An extravagant all-expense-paid trip to the legendary Marqués de Riscal hotel and winery would be a thrill for the worldliest wine traveler. But to Matthew Walsh, grand prizewinner of the Wine Enthusiast City of Wine Sweepstakes, this journey to the heart of Spain’s Rioja region was something even more profound: It was a revelation.
“It was my first time going abroad,” Walsh states, “and that first moment coming around the hillside into the town of Elciego, suddenly seeing the church, then the extraordinary Frank Gehry hotel with the mountains in the background; that was a remarkable first glimpse of Europe.” Even before this trip Walsh and his wife Jenna had been knowledgeable wine lovers: They’d traversed their home region of south central Pennsylvania to expand their knowledge, and Matthew had the rare opportunity to take a wine appreciation course in college. Yet even after spending the last six months preparing for this expedition by reading all they could about Marqués de Riscal and Rioja, “seeing it in person had a whole different effect on us,” Walsh admits.

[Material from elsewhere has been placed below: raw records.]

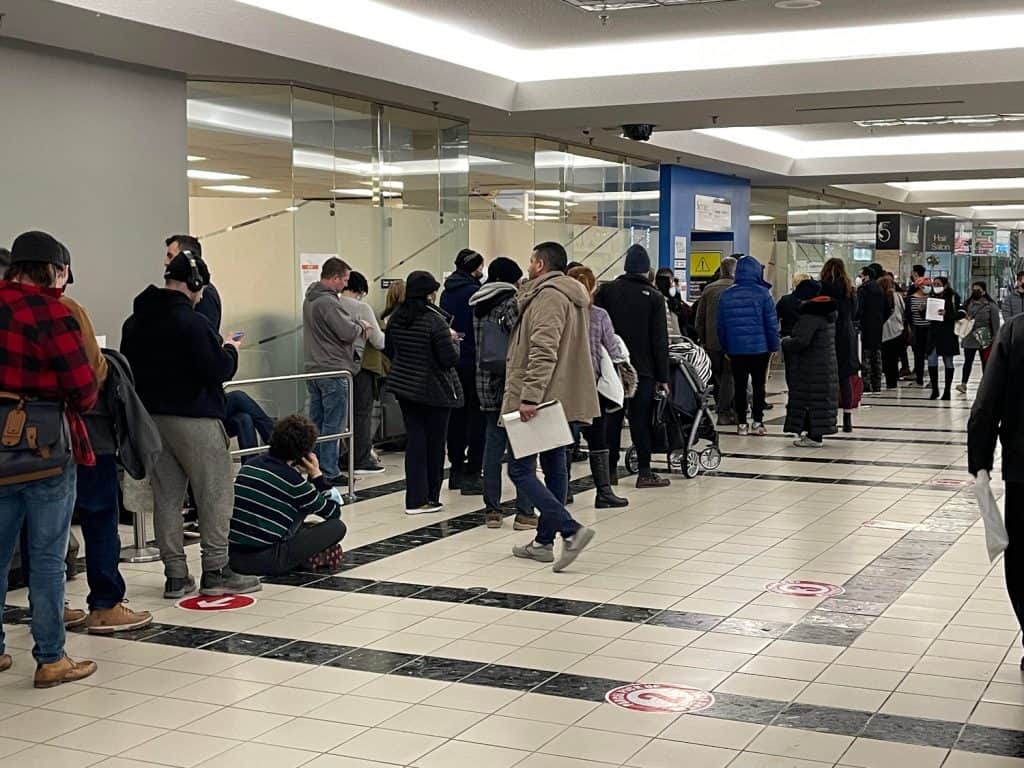 People line up at midnight outside Mississauga passport office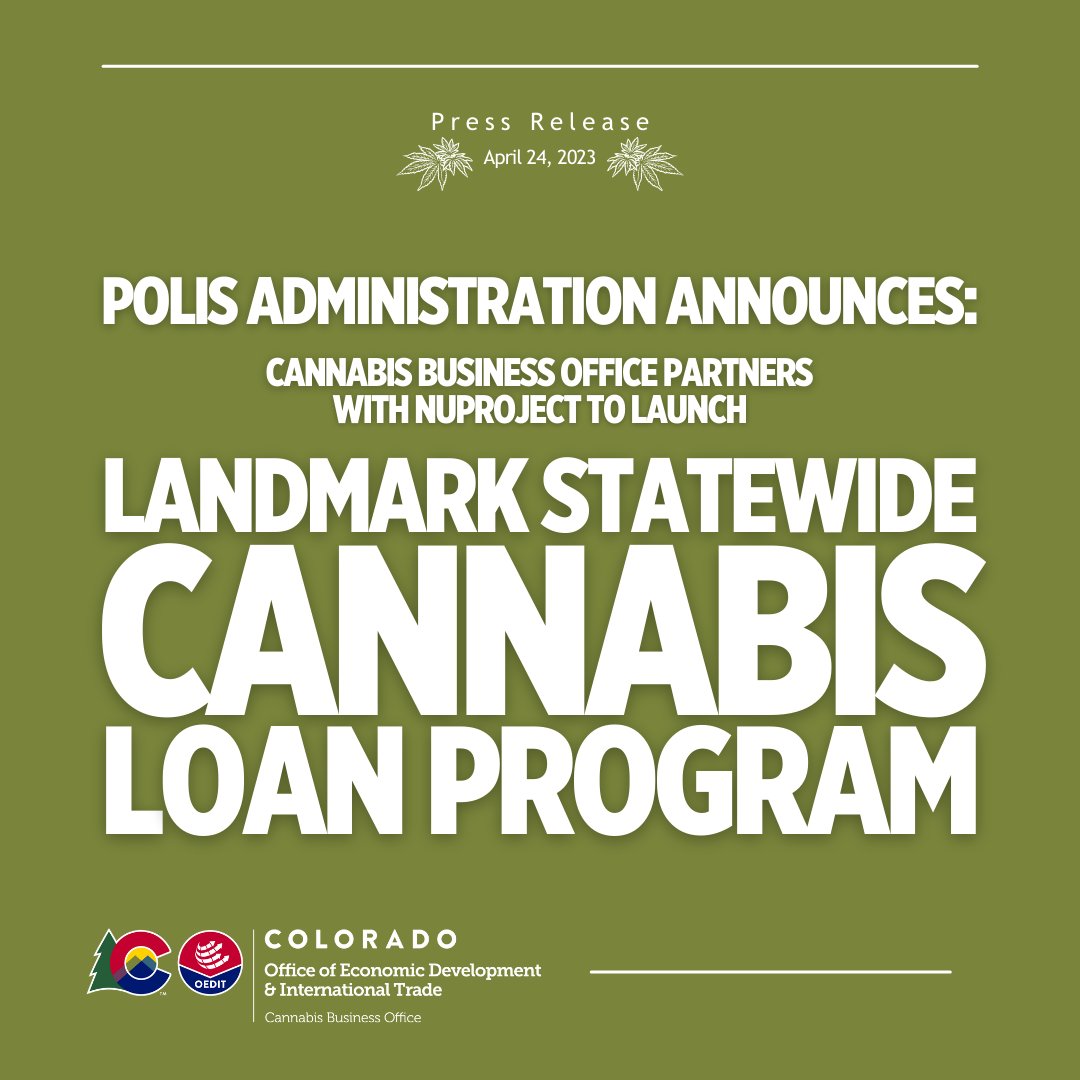 GovofCO's tweet photo. I am proud of our nation-leading work to promote equity &amp; support Colorado’s growing cannabis industry by providing growing businesses access to funding.  Thanks @nuprojectorg for partnering with Colorado on this exciting milestone.
https://t.co/q034OvZGMM https://t.co/wtMrs2kJsO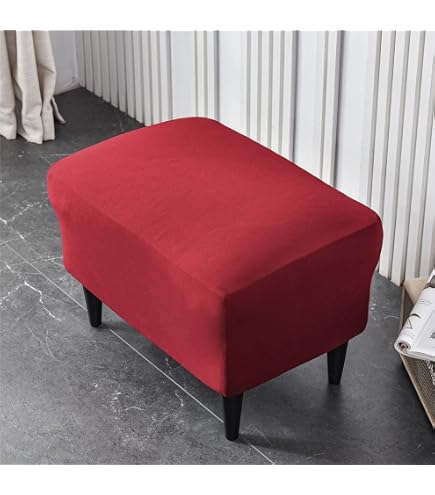 Highdi Copri Pouf Quadrato Elasticizzato, Velluto Spandex Copertura Dell' Ottomano Tinta Unita Copri Poggiapiedi Poltrona per Soggiorno, Morbido Lavabile Fodere per Sgabello (Bianco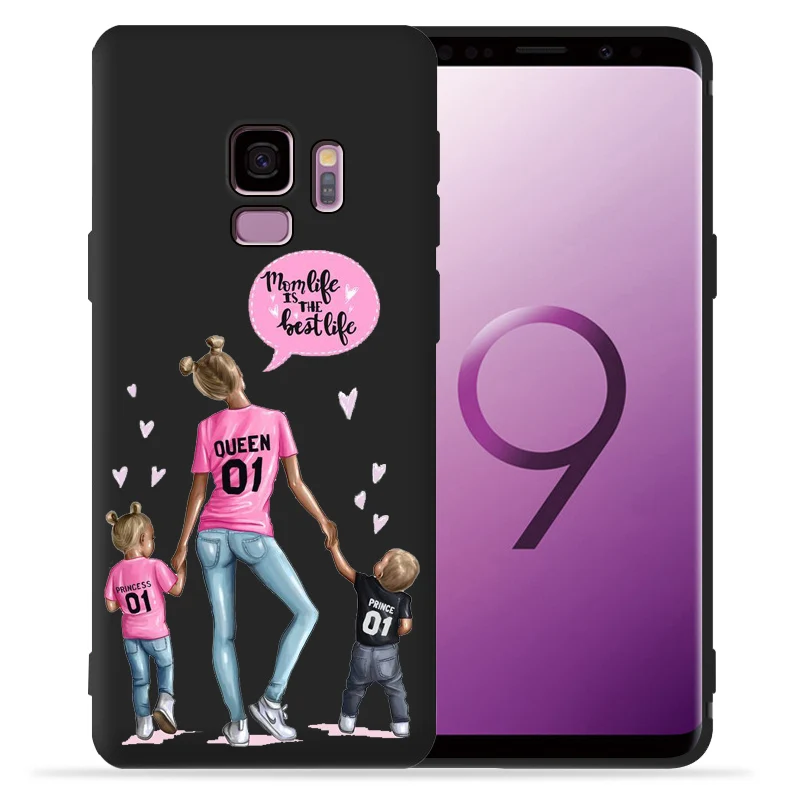 Мягкий Черный Силиконовый ТПУ чехол для Samsung Galaxy S8 S9 S10 Plus Coque Etui Baby Mom Girl S6 S7 Edge Lite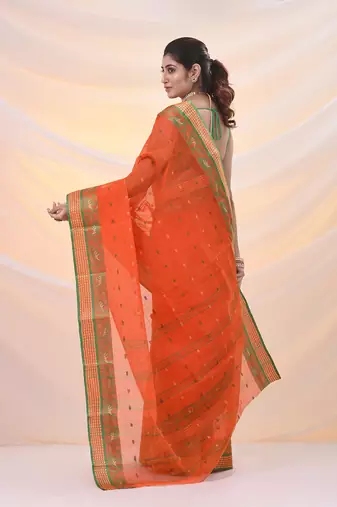 Orange pure cotton tant saree with woven designs
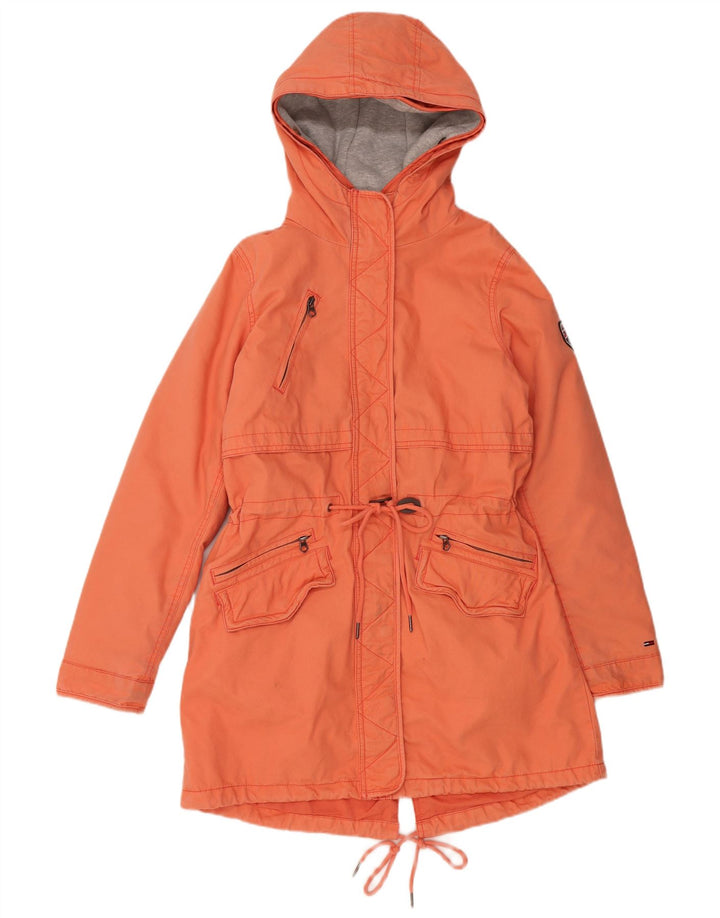 TOMMY HILFIGER Parka extragrande con capucha para mujer UK 10 Small Naranja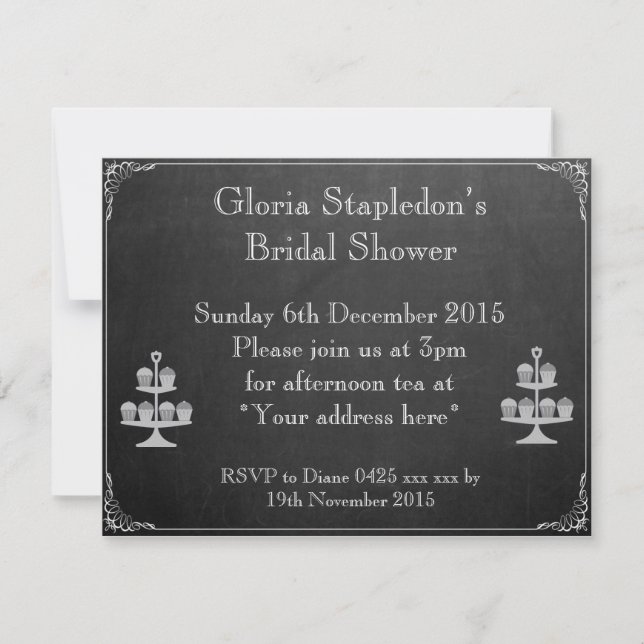 Convites Chá de panela chalkboard (Frente)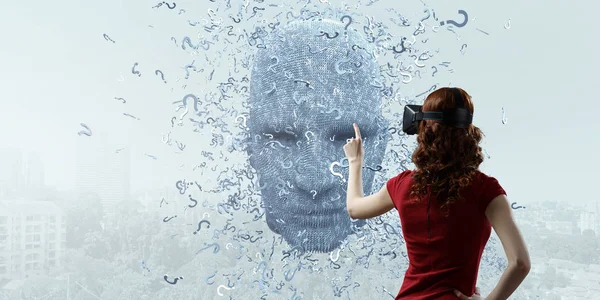 Cabeça digital, inteligência artificial e realidade virtual. Meios mistos — Fotografia de Stock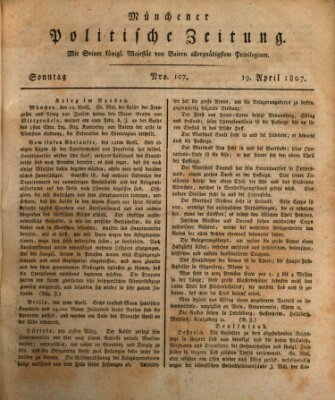 Münchener politische Zeitung (Süddeutsche Presse) Sonntag 19. April 1807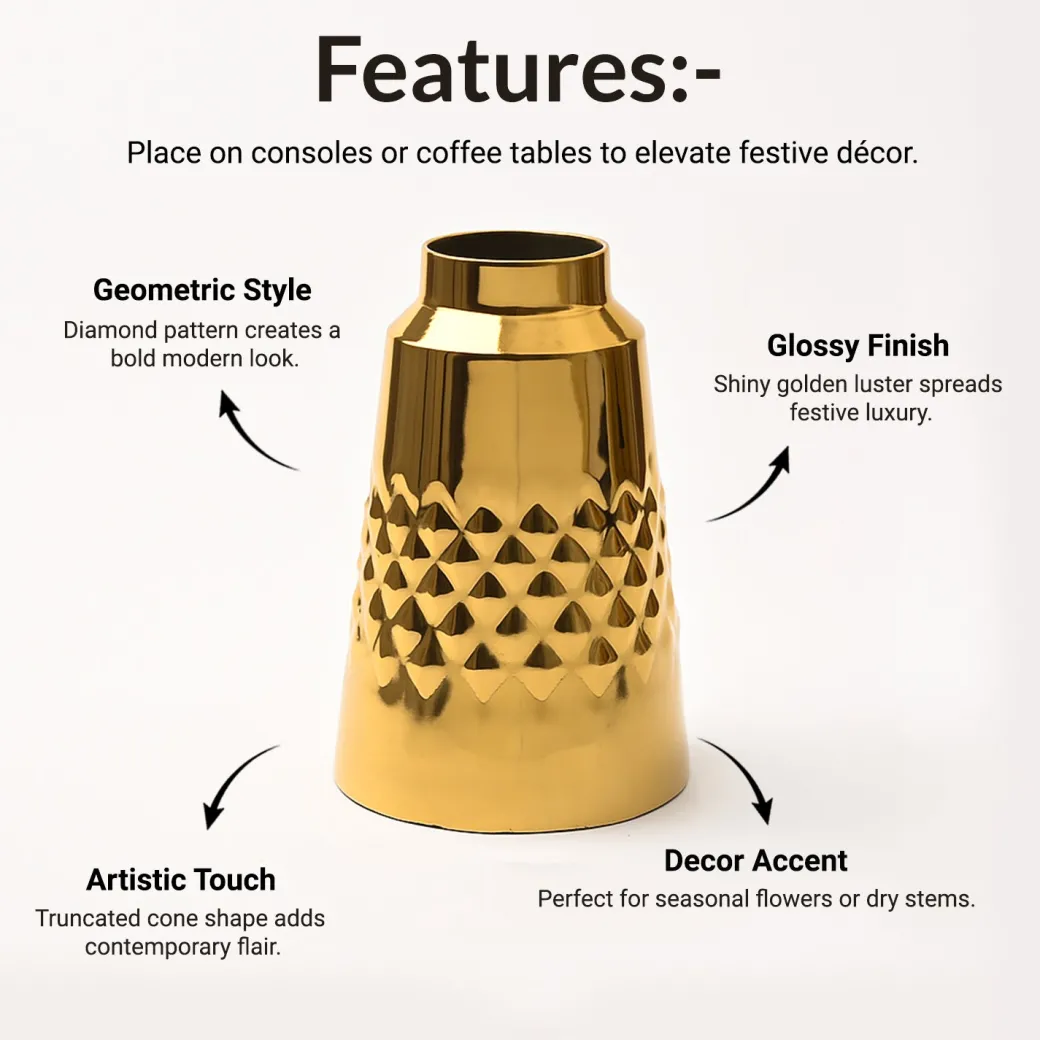 VON CASA Shiny Gold Vase – Truncated Cone (Shiny & Diamond Pattern)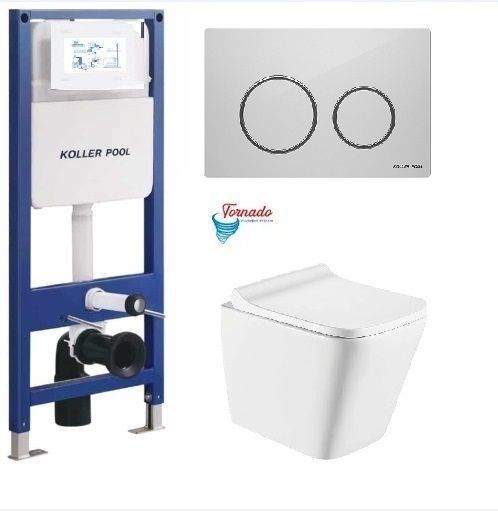 фото Інсталяція KollerPool AQUA LINE + TWIST White панель змиву + підвісний унітаз TREND з сидінням Soft-close ( змив Tornado 3,0 )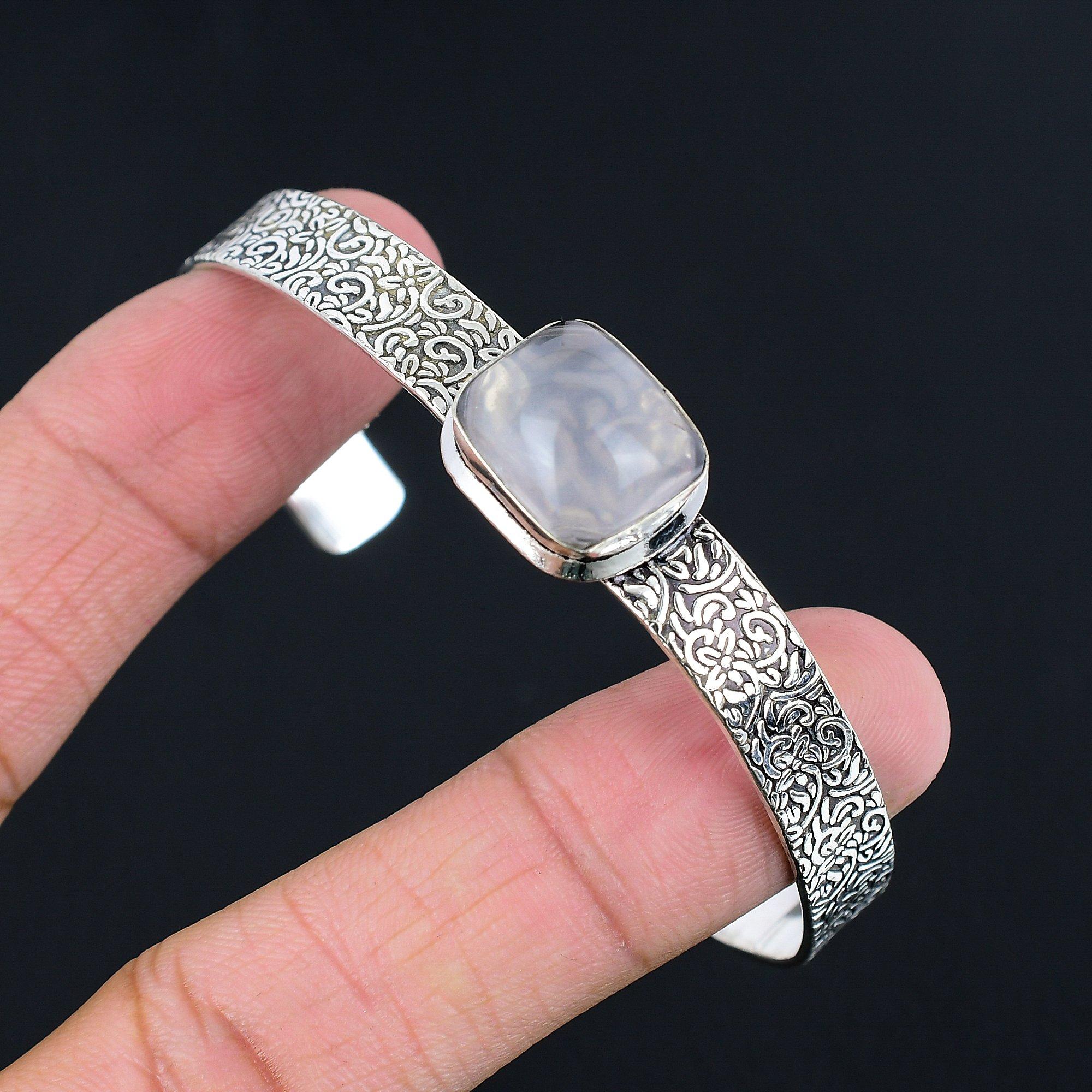 

Sisters Day Deal Radiant Rose Quartz Stone 925 Silver Birthday Bangle Bracelet Adjustable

The individual attention extended by the winery staff enhanced their experience immeasurably, Walsh notes, as “the one-on-one tour of the facility gave us a chance to feel personally involved.” This is one of the oldest wineries in the region, founded in 1858, they learned, and Matthew recalls a justifiable awe on seeing wine caves with bottles dating from the 1800s, unlabeled, he realized, because after 150 years, the wine was well preserved but the labels had disintegrated long ago.
The hotel’s exceptional architecture was especially intriguing to this couple, both with backgrounds in interior design. They appreciated the complexities of creating rooms with varying dimensions, and found the restaurant’s slanted walls and high windows framing the mountains further enhanced the kitchen’s imaginative food and wine. This erudite pair took special note of the Marqués de Riscal labels, and were particularly impressed with the Finca Torrea design, which Matthew describes as “an abstract bird’s-eye view of more than a dozen vineyard plots,” for him, “an atmospheric geometry that conveys the scope of the vineyard’s history.”